Volviendo al día soleado de mi visita, el paseo que recorre la orilla canadiense estaba abarrotado de gente de todos los colores, todos cámara o teléfono en mano, haciendo fotos a diestra y siniestra. Y todos con su chubasquero rojo, color que identifica el lado canadiense; el azul está reservado a los que parten desde EE. UU.
Los botes de ambos lados salían sin parar haciendo un recorrido en el que se acercan a los tres saltos, aunque no demasiado, pues la fuerza con que cae el agua es tal que podría hundirlos, aunque llegan a una distancia en la que el poncho impermeables es imprescindible salvo que se quiera quedar totalmente empapado.
La experiencia es sobrecogedora y la luz que se refleja en los millones de gotas de agua que flotan en el aire da a las fotos unos colores alucinantes.
Las cataratas pueden sobrevolarse en helicóptero, pero la opción estaba fuera de las expectativas de mi siempre raquítica billetera, que aquel día andaba feliz, pues no tuvo que soltar un dólar por el paseo en bote ni el almuerzo posterior.

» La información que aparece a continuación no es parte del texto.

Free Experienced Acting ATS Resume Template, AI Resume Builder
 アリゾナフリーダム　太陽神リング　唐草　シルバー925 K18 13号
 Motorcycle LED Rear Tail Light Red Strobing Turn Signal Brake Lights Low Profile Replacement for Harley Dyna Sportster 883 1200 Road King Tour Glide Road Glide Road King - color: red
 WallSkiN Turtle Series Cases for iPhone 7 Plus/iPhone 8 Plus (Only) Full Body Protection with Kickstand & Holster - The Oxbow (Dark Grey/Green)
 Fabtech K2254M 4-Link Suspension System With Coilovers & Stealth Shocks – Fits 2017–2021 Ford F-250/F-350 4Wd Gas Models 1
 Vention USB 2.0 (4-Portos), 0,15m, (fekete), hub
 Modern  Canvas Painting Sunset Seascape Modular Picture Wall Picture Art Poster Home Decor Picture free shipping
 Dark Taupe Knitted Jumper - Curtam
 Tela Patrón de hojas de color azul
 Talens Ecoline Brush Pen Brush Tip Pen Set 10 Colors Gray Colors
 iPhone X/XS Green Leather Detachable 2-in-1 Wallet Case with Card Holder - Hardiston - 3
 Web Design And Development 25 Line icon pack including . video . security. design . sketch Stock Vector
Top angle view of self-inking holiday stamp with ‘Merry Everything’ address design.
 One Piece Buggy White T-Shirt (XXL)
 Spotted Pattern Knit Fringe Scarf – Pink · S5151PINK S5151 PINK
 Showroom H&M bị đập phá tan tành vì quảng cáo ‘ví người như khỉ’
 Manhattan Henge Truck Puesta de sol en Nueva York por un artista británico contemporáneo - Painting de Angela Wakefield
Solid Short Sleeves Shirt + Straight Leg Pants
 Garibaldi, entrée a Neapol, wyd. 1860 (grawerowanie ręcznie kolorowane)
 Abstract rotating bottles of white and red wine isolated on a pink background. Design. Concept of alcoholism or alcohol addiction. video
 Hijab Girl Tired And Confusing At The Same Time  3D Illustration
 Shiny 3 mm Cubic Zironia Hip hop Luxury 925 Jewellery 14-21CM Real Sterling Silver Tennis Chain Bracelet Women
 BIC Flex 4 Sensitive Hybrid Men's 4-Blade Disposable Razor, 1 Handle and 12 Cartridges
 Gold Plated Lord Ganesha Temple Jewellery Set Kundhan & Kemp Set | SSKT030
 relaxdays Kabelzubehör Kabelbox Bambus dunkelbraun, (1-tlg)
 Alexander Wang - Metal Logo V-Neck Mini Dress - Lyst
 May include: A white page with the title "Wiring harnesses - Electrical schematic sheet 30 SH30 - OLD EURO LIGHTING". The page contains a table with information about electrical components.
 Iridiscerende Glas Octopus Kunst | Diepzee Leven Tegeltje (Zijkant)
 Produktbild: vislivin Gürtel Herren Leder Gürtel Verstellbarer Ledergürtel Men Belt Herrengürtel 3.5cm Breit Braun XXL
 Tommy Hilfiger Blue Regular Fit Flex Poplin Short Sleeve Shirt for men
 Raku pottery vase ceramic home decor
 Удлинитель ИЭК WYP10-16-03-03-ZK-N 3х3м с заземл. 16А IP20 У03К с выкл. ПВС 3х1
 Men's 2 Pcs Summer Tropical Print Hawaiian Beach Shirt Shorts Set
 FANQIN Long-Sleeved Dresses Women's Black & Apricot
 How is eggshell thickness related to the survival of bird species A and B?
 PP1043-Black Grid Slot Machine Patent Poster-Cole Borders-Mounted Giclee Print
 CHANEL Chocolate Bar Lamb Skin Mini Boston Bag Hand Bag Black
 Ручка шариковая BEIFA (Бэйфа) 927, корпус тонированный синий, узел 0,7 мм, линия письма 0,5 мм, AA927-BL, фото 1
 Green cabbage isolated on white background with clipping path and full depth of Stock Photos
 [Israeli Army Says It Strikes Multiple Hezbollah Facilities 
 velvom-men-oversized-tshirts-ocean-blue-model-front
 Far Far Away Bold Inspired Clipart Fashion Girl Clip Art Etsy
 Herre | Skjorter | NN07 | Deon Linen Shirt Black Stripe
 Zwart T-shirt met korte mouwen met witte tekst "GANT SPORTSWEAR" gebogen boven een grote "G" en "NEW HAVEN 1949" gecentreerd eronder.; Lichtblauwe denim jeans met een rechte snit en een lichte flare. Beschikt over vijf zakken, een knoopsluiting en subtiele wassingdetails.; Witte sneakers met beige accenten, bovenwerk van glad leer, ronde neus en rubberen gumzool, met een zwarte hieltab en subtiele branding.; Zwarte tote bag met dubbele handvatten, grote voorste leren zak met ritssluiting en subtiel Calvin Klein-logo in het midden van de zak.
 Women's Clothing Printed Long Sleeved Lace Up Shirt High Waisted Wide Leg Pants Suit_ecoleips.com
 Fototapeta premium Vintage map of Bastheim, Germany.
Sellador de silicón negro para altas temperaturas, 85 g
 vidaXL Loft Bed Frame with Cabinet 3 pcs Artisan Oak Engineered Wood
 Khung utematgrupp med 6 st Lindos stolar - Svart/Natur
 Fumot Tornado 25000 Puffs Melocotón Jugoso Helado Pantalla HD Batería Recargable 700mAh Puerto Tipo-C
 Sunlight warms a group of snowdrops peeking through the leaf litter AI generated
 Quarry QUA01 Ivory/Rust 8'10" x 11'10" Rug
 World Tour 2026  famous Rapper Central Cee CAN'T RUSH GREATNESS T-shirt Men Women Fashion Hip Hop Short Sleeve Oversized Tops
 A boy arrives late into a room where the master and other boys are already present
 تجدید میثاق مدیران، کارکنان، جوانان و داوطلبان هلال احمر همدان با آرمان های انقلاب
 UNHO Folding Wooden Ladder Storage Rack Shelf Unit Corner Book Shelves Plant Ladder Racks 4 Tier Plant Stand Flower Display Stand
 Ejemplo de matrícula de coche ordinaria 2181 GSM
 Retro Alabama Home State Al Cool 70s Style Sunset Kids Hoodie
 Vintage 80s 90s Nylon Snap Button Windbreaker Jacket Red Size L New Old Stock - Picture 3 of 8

Hasta las Cataratas del Niágara llegan anualmente unos 30 millones de visitantes de todo el mundo, unos por el lado canadiense y otros desde Estados Unidos. Yo fui desde Toronto, Canadá y confieso que, como buen cubano, no dejaba de asombrarme que tan cerca, del otro lado del agua, estuviera la tierra tan anhelada por muchos de mis compatriotas.